═══ RECORDED INFORMATION ═══

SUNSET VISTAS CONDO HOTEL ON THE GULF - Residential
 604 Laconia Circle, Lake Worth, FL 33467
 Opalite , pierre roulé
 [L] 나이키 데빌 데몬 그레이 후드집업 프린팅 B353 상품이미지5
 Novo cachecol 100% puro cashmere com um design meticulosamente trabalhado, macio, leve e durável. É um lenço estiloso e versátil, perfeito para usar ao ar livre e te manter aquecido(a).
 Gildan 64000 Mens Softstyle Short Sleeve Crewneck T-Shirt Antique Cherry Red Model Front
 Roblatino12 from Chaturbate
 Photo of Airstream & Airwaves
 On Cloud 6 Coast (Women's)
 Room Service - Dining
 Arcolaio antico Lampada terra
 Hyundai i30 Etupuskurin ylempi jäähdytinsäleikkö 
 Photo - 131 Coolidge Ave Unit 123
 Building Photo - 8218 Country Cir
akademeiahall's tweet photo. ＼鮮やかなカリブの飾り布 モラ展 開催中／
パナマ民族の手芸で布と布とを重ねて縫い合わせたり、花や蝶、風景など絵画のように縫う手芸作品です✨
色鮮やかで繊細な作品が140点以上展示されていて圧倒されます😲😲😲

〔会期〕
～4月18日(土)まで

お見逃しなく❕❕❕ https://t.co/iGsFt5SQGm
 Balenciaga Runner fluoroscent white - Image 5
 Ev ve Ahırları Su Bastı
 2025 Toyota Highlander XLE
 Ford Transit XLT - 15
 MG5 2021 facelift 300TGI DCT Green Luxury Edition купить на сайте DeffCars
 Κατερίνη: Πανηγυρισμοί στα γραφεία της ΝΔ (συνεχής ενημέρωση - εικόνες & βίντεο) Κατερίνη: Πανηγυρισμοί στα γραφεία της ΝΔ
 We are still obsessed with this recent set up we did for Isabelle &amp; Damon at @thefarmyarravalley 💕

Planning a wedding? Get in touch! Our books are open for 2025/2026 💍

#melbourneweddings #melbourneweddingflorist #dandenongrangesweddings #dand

═══

* _WHAT IS BEING ASKED_
Where the data above reaches the line holding "Ev ve Ahırları Su Bastı", begin printing, and stop after the line holding "Planning a wedding?". Each line must be reproduced exactly, with nothing else added.

* _EXERCISE OUTPUT_
 Ev ve Ahırları Su Bastı
 2025 Toyota Highlander XLE
 Ford Transit XLT - 15
 MG5 2021 facelift 300TGI DCT Green Luxury Edition купить на сайте DeffCars
 Κατερίνη: Πανηγυρισμοί στα γραφεία της ΝΔ (συνεχής ενημέρωση - εικόνες & βίντεο) Κατερίνη: Πανηγυρισμοί στα γραφεία της ΝΔ
 We are still obsessed with this recent set up we did for Isabelle &amp; Damon at @thefarmyarravalley 💕

Planning a wedding? Get in touch! Our books are open for 2025/2026 💍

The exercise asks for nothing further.